++++ The data ++++

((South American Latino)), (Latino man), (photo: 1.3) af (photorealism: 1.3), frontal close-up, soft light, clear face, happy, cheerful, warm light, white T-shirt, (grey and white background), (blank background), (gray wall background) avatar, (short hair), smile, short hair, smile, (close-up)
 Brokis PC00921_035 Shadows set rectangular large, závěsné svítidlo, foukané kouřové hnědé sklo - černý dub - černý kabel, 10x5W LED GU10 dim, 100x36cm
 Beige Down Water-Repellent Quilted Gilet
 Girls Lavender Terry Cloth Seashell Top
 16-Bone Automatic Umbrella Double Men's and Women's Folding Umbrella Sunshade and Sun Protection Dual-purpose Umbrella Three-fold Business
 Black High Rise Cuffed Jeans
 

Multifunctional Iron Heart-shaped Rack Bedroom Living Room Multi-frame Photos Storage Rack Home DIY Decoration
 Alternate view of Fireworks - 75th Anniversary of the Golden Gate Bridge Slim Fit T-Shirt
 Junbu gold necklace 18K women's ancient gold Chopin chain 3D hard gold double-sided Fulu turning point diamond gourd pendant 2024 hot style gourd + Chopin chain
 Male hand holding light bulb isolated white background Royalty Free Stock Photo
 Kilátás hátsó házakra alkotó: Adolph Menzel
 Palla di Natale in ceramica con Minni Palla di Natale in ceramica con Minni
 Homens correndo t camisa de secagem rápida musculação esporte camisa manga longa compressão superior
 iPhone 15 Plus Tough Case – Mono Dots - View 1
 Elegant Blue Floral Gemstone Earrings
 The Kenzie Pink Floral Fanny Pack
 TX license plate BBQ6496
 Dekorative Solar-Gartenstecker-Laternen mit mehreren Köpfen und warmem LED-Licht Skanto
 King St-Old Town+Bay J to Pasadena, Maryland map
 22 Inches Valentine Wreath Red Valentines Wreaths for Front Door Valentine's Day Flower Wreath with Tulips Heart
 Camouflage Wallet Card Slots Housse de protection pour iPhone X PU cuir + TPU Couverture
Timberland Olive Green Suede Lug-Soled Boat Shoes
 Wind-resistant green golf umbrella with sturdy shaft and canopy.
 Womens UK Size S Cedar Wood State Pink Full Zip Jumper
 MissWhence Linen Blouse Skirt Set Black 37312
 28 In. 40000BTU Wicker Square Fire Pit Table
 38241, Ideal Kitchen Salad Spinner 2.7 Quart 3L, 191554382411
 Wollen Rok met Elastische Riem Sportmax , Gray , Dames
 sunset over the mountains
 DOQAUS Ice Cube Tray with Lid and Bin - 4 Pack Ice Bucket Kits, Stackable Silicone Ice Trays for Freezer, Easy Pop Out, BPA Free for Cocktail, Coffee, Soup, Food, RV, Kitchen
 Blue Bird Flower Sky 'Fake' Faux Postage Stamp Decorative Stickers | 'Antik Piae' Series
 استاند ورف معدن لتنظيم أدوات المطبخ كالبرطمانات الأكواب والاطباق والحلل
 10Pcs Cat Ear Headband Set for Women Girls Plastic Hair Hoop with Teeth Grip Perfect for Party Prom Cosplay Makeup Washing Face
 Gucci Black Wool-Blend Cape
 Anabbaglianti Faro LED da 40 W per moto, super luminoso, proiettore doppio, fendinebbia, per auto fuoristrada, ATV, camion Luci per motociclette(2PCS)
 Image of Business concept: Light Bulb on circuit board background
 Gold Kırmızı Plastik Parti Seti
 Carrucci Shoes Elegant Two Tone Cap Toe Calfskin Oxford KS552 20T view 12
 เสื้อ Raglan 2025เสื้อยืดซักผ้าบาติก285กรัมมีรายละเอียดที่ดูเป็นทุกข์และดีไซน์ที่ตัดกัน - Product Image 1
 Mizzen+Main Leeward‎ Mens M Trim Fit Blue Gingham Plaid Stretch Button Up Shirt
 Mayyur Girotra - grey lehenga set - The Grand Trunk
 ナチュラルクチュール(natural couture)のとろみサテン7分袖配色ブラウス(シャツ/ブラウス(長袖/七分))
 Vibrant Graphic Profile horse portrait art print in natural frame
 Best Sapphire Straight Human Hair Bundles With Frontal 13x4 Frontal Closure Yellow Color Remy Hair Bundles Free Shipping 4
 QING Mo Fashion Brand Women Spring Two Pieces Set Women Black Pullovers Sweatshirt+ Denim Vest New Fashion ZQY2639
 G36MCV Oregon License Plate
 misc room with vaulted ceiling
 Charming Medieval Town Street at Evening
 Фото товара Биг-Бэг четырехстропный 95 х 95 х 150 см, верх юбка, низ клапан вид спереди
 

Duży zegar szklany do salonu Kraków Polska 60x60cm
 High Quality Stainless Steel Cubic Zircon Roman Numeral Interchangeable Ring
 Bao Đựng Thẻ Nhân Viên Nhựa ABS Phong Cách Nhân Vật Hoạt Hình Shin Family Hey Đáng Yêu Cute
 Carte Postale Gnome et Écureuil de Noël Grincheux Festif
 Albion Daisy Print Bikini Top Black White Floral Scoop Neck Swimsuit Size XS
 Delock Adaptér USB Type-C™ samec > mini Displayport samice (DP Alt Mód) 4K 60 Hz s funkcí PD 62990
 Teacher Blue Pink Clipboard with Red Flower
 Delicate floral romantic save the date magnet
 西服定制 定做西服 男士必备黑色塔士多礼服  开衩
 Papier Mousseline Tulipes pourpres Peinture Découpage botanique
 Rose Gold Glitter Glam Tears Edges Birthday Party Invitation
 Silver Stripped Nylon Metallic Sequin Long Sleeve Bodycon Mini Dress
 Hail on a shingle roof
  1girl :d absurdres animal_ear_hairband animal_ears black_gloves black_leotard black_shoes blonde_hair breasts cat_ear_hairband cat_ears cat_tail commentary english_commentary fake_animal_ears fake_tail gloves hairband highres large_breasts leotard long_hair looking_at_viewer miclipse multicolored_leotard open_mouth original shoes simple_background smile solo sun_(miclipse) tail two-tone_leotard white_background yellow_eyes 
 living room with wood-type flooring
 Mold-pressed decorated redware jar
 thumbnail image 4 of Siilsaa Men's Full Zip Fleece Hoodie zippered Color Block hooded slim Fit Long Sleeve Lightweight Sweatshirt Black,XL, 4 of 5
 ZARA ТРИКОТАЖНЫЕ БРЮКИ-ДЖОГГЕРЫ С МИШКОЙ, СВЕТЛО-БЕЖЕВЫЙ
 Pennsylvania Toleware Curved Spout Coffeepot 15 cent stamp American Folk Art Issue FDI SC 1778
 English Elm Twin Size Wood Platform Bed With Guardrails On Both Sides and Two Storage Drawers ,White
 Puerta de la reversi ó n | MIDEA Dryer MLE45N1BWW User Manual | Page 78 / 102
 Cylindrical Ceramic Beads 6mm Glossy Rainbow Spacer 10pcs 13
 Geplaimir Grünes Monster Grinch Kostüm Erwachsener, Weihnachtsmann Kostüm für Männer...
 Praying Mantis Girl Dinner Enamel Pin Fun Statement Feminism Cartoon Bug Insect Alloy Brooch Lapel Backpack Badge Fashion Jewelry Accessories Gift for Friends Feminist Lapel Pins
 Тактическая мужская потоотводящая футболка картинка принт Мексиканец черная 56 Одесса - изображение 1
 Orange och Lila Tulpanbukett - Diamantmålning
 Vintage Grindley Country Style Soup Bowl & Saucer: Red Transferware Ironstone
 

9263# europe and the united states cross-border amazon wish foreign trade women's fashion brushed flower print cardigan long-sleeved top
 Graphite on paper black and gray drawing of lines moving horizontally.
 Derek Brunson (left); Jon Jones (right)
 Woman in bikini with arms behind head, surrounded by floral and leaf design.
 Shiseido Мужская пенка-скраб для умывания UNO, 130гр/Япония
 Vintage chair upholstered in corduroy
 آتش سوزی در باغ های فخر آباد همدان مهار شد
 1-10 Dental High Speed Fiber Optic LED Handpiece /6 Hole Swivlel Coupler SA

++++

Instructions to follow: Scan the records above for the lines holding "living room with wood-type flooring" and "9263# europe and". Transcribe those two and every line between them word for word, and no others.

Solved problem:
 living room with wood-type flooring
 Mold-pressed decorated redware jar
 thumbnail image 4 of Siilsaa Men's Full Zip Fleece Hoodie zippered Color Block hooded slim Fit Long Sleeve Lightweight Sweatshirt Black,XL, 4 of 5
 ZARA ТРИКОТАЖНЫЕ БРЮКИ-ДЖОГГЕРЫ С МИШКОЙ, СВЕТЛО-БЕЖЕВЫЙ
 Pennsylvania Toleware Curved Spout Coffeepot 15 cent stamp American Folk Art Issue FDI SC 1778
 English Elm Twin Size Wood Platform Bed With Guardrails On Both Sides and Two Storage Drawers ,White
 Puerta de la reversi ó n | MIDEA Dryer MLE45N1BWW User Manual | Page 78 / 102
 Cylindrical Ceramic Beads 6mm Glossy Rainbow Spacer 10pcs 13
 Geplaimir Grünes Monster Grinch Kostüm Erwachsener, Weihnachtsmann Kostüm für Männer...
 Praying Mantis Girl Dinner Enamel Pin Fun Statement Feminism Cartoon Bug Insect Alloy Brooch Lapel Backpack Badge Fashion Jewelry Accessories Gift for Friends Feminist Lapel Pins
 Тактическая мужская потоотводящая футболка картинка принт Мексиканец черная 56 Одесса - изображение 1
 Orange och Lila Tulpanbukett - Diamantmålning
 Vintage Grindley Country Style Soup Bowl & Saucer: Red Transferware Ironstone
 

9263# europe and the united states cross-border amazon wish foreign trade women's fashion brushed flower print cardigan long-sleeved top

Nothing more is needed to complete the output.